Eine weitere Möglichkeit für einen gelungeneren Umgang mit den kleinen und großen Hürden des
alltäglichen Lebens ist die achtsamkeitsbasierte Stressreduktion alias Mindfulness-Based Stress
Reduction, kurz MBSR. Ob du den Weg zu einem achtsamen Leben nun über MBSR, Meditation oder
andere Tools findest, ist dabei eher nebensächlich. Hauptsache ist, dass du ihn findest. Es geht also nicht
darum, wie du sie praktizierst und welcher Schule du dich bedienst, sondern dass du es tust. Ein
achtsames Leben geht übrigens weit über das Meditationskissen im eigenen Wohnzimmer hinaus. Ob nun
im persönlichen oder beruflichen Alltag, finde deinen Weg. Dieser ist nämlich total individuell und damit
auch einmalig.
Wie gelingt es uns aber, dass Achtsamkeit nicht zur Eintagsfliege und nur dann als Option herangezogen
wird, wenn alles Kompensieren nichts mehr bringt? Dafür ist es wichtig zu wissen, dass wir bereits alles in
uns haben, um achtsam zu leben. Wir können von jetzt auf gleich achtsam sein, ohne eine bestimmte
Methode zu erlernen. Achtsamkeit ist eigentlich nichts Neues für uns. Nimm etwas in deine
Aufmerksamkeit, in deinen Fokus und beobachte dies, ohne es zu be-werten. Vielleicht konzentriert sich
dein Fokus auf deine aktuelle Gefühlslage. Oder auf das, was du gerade denkst, schmeckst oder hörst.
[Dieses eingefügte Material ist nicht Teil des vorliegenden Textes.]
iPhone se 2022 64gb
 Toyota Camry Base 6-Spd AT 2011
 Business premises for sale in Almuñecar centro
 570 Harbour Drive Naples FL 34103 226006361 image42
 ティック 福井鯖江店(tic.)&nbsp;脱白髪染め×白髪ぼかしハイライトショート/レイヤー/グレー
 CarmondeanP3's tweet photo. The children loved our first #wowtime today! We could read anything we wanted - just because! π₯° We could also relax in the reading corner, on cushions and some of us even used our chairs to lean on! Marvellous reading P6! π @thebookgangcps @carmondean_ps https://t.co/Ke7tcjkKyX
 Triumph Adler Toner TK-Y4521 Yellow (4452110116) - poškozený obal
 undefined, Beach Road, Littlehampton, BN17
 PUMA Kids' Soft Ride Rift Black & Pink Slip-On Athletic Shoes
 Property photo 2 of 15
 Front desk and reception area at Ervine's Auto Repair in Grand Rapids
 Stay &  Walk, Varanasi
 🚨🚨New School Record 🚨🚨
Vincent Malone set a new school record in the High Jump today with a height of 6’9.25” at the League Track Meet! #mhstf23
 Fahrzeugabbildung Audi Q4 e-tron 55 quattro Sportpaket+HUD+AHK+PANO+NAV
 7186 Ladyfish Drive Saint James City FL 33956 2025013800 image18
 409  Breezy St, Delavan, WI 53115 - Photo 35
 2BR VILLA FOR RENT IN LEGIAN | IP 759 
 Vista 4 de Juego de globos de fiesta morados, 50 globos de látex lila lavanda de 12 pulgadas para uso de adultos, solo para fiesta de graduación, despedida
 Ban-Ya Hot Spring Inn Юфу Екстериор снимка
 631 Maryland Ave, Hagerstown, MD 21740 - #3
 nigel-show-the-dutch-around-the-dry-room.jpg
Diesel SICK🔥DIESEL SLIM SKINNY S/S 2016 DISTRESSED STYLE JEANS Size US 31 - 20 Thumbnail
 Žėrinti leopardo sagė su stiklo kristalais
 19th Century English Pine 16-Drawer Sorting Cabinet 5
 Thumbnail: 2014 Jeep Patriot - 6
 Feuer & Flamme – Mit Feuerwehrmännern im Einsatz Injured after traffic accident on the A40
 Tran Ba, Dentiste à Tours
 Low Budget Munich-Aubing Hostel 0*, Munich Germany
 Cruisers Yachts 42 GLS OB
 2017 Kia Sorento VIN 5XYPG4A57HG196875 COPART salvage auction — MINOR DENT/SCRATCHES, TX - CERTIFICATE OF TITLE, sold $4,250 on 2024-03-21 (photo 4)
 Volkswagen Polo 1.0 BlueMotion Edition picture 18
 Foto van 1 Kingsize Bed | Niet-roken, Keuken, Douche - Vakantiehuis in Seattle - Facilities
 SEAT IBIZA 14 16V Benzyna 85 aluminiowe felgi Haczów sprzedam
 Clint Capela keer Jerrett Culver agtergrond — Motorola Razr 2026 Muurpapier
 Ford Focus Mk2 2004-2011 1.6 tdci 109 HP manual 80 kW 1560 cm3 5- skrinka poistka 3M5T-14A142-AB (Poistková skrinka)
Achtsamkeit funktioniert über deine Wahrnehmung und über deine menschlichen Sinne. Über das Sehen,
Hören, Schmecken, Riechen, Tasten und Fühlen. Du merkst, Achtsamkeit ist körperbezogen.
Unser Atem ist in uns angelegt. Wir atmen tagtäglich und können uns dem nicht entziehen.
Glücklicherweise. Ansonsten würde unser Fortbestand vermutlich etwas kritisch aussehen. Und obwohl
das Atmen größtenteils unbewusst abläuft, dürfen wir uns bewusst machen, wie wir atmen. Ruhig,
gelassen oder tief in den Bauch? Oder aber hektisch und oberflächlich? Unser Atem ist also nicht nur ein
geniales Werkzeug, um präsent zu sein, sondern auch eine Art Kompass, der dir anzeigt, ob du in An-
spannung oder Ent-spannung unterwegs bist. Mit dem Zitat „Auf den Atem zu vertrauen, heißt, auf das
Leben zu vertrauen“ bringt es Mark Whitwell auf den Punkt.